Arlington insurance lawyers need to be able to know how the courts interpret insurance policy exclusions. A recent finding from a United States Magistrate Judge in the Northern District of Texas is helpful. The style of the case is, The Burlington Insurance Company v. Midlothian Chamber of Commerce, et al.
The Chamber sponsored a bike-a-thon in which John Shumaker participated. Shumaker was seriously injured and later sued the Chamber in Texas district court, claiming that his personal injuries resulted from various acts of negligence at the event. Shumaker alleges that the Chamber “organized and promoted” the bike-a-thon, which was a “scenic ride and tour of historic homes as well as newer neighborhood[s]” and was “not a race.” He asserts claims in the nature of negligence.
TBIC is paying the Chamber’s defense costs in the state case but initiated this declaratory judgment, requesting that the Court find that TBIC has no duty to defend the state suit or to indemnify the Chamber for the claims that Shumaker asserts.
Each party essentially seeks to have the Court adopt its own interpretation of the legal effect of the General Commercial Liability Policy in effect. TBIC seeks an order declaring that it has no duty to defend or indemnify the Chamber; the Chamber urges that there is a duty to defend but does not request that the Court make a finding as to duty to indemnify at this point.
The general commercial liability policy between TBIC and the Chamber contained two exclusions that are relevant here. The first exclusion, entitled “Exclusions – Described Hazards (Special Events Liability),” carves out from insurance coverage “bodily injury” that is suffered by “any person while practicing, instructing, demonstrating, or participating in any speed contest, demolition derby, livestock auction, rodeo, horse show, or any type of sport, athletic event, competition or contest.” A second endorsement, entitled “Exclusion – Athletic or Sports Participants,” excludes from insurance coverage “‘bodily injury’ to any person while practicing for or participating in any sports or athletic contest or exhibition” sponsored by the Chamber.
Each side filed cross motions for summary judgment.
TBIC reads these exclusions to preclude insurance coverage where, as here, a participant suffered personal injury during a bike-a-thon.
The Chamber, on the other hand, contends that “sport” or “athletic event” modifies “competition or contest.” That is, the Chamber urges that the activity must be “actively competitive” to fit within the exclusion.
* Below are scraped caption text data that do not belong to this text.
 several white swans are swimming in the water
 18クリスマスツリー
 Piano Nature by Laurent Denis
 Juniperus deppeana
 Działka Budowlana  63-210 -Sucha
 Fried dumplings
Whether or not an “athletic event” requires some modicum of exertion, one “not unreasonable” reading of the underlying complaint is that the bike rally was nothing more than a mobile tour of homes that did not require any particular skill or cycling ability. That is, the bike-a-thon was not meant to be athletic at all. Shumaker describes an event that “encouraged participants to bring the family out for a scenic ride and tour of historic homes as well as newer neighborhood[s].” The organizers allegedly indicated that the bika-a-thon “is not a race. We will not be keeping track of ‘Who finished first’ nor will we be Awarding pri[z]es.” Although Shumaker explains that advertising and promotion “offered participants a closed course, 65 mile bikethon,” he does not contend that the riders were required or even encouraged to complete all 65 miles of the course. Indeed, the negligence that Shumaker alleges is that the Chamber changed the route of the bike-a-thon on the eve of the event into one that “included a significant peril” – suggesting that the event was not intended to require any skill or result in peril to the participants.
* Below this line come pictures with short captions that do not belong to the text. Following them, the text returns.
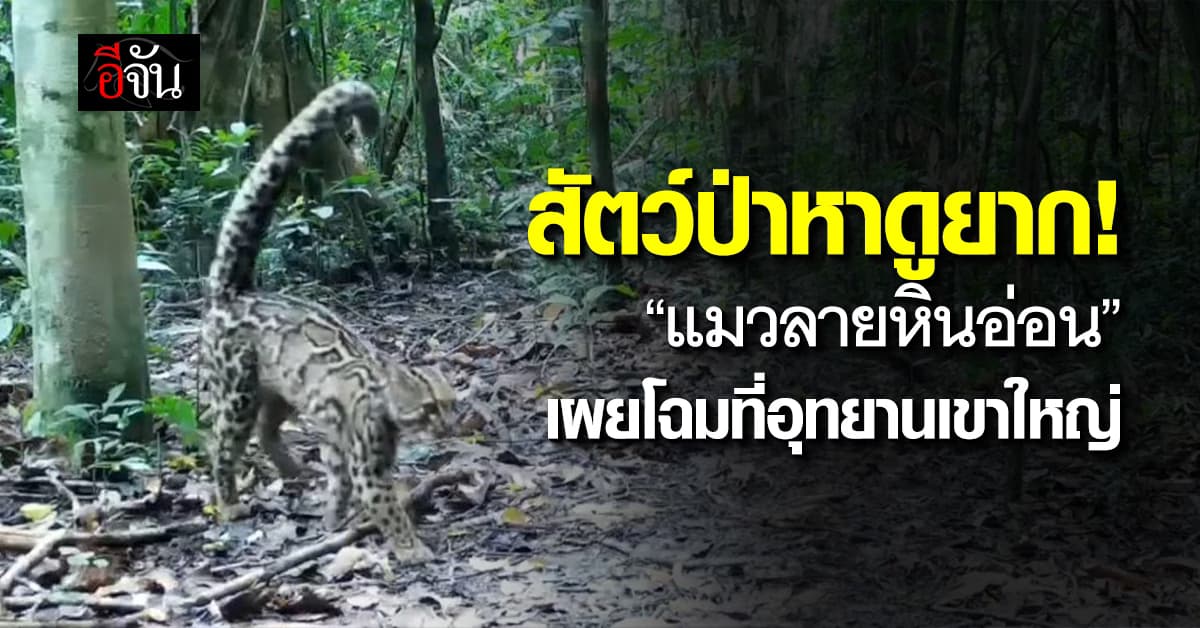 สัตว์ป่าหาดูยาก! “แมวลายหินอ่อน” เผยโฉมที่อุทยานแห่งชาติเขาใหญ่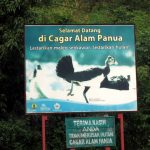 Miris, Polhut Enam Orang, Bertanggungjawab Mengawasi 1,2 Juta Hektar Hutan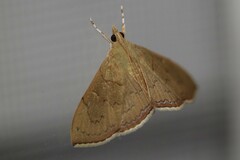 Hyalobathra
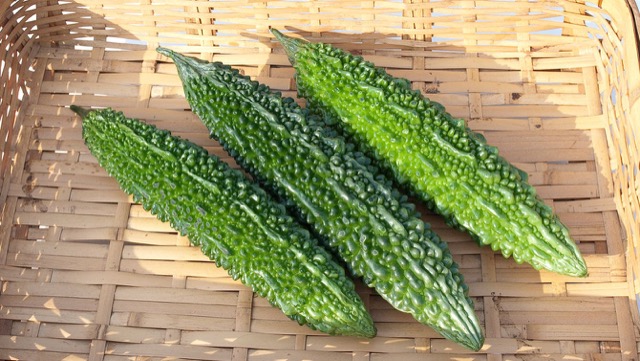 ゴーヤ栽培＆育て方！プランター家庭菜園OKで、熱や虫にも強いカゴメ株式会社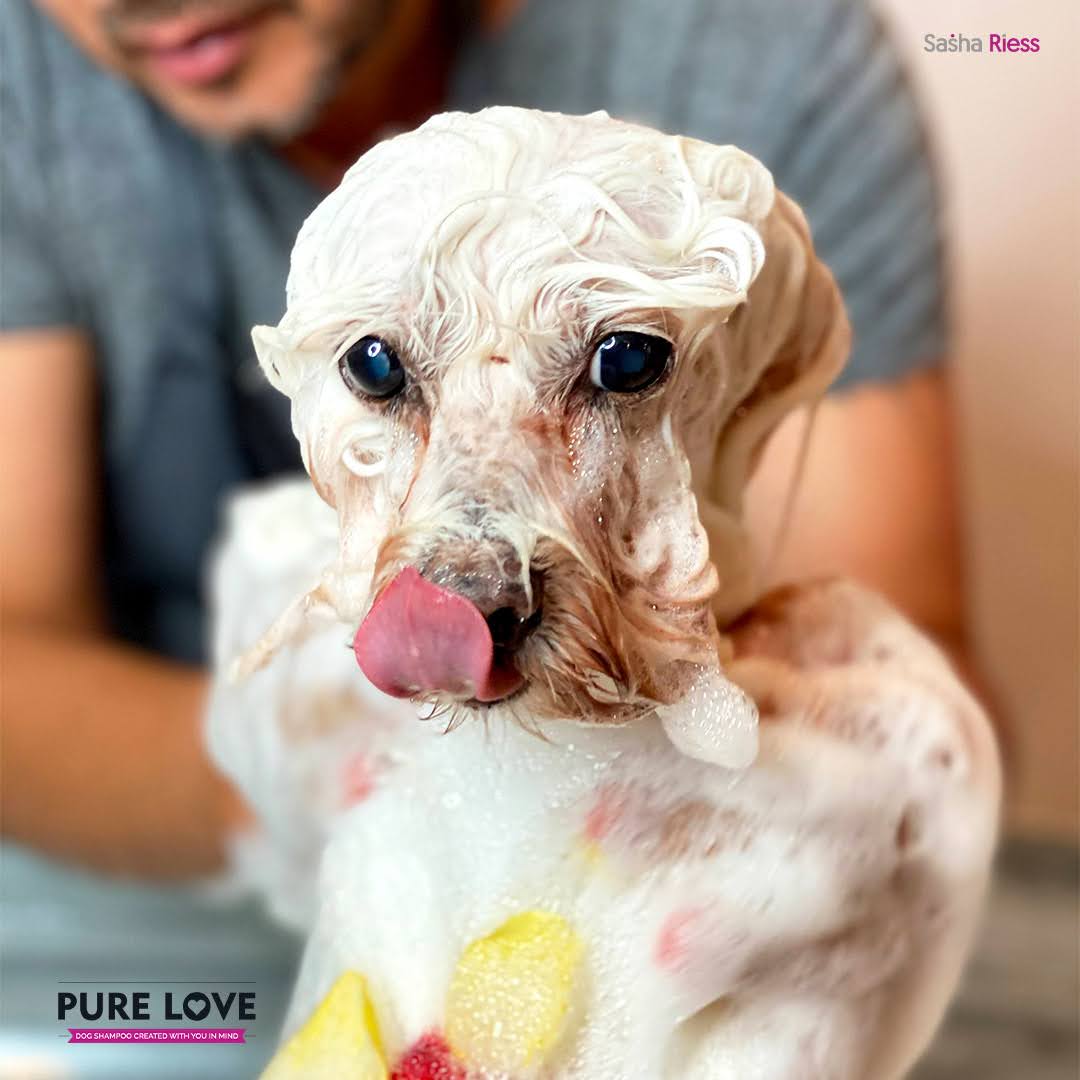 Pure Love Dog Shampoo  Gentle. Natural. For Every Coat & Color.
A plain reading of Shumaker’s complaint certainly makes plausible – or at least not unreasonable – the Chamber’s argument that the Sports and Athletic Participants exclusion does not excuse TBIC from the duty to defend the state lawsuit because the bike-a-thon was not a “sports or athletic contest or exhibition.” This is so regardless of whether its scope of exclusion is more or less specific than that of the Described Hazards endorsement, and so TBIC’s objection that one of the Chamber’s arguments improperly eliminates the Described Hazards exclusion is of no matter. Again, the nature of the event described in the underlying state action is one of a leisurely “tour of historic homes” that would be untimed and would not award prizes for faster finishers. And Shumaker’s complaint certainly does not allege that the tour participants were themselves part of a “sports or athletic exhibition” – despite TBIC’s belief that they were on view for the public when they rode by.
It is, therefore, at least “not unreasonable” to believe the Chamber’s argument that the bike tour described by Shumaker was neither a contest or exhibition that was excluded by the Athletic or Sports Participants provision.
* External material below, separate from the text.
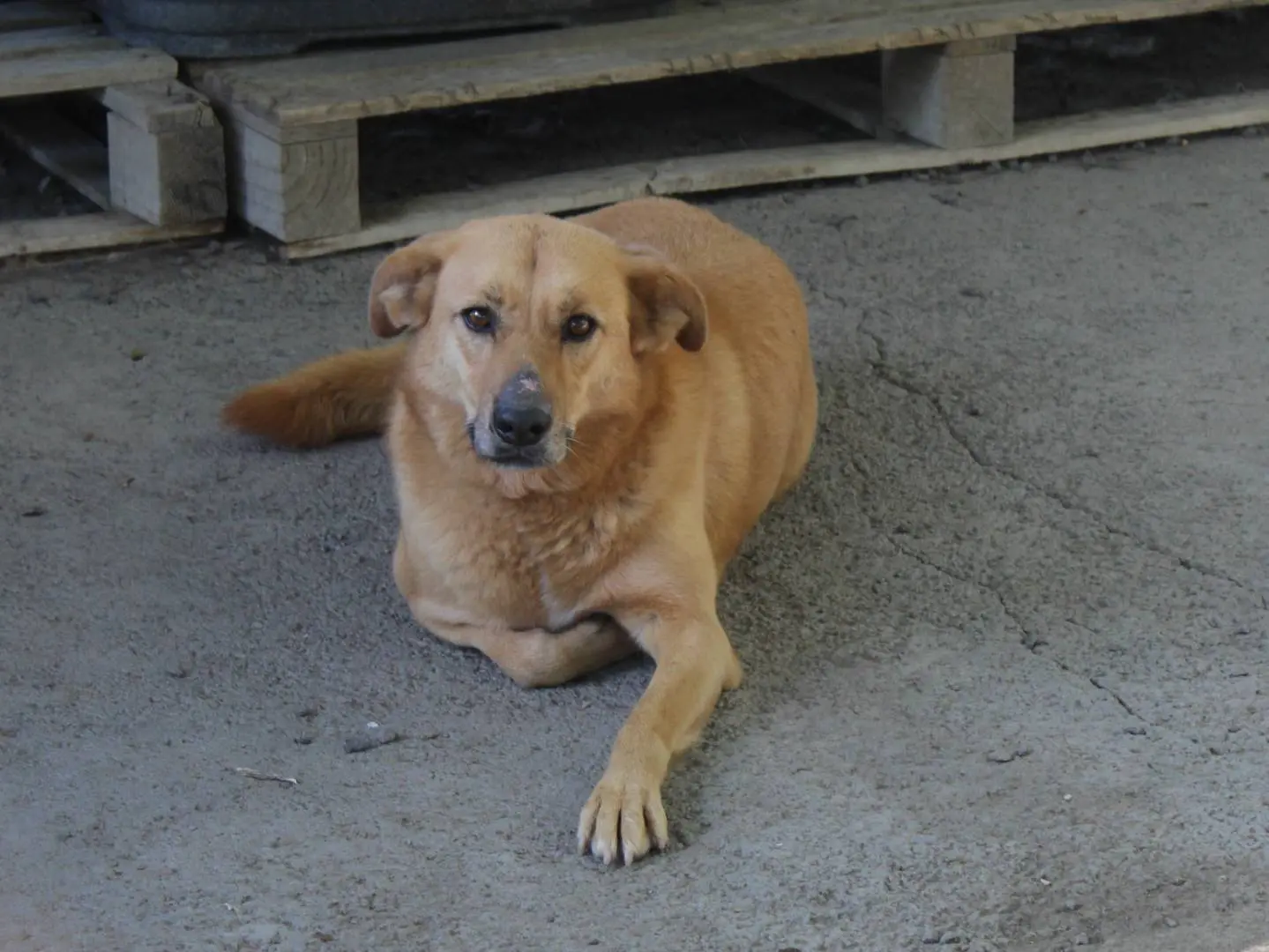 Adotta un cane, femmina, 10 anni e 5 mesi, Catania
In sum, the court found that the Chamber had stated a “not unreasonable” case that the insurance policy, read as a whole, imposes upon TBIC a duty to defend in Shumaker’s state litigation that is not excused by the exclusions cited by TBIC. TBIC has not shown that coverage for all claims is barred by the plain language of a policy exclusion.
Accordingly, the Chamber’s Motion for Partial Summary Judgment should be granted.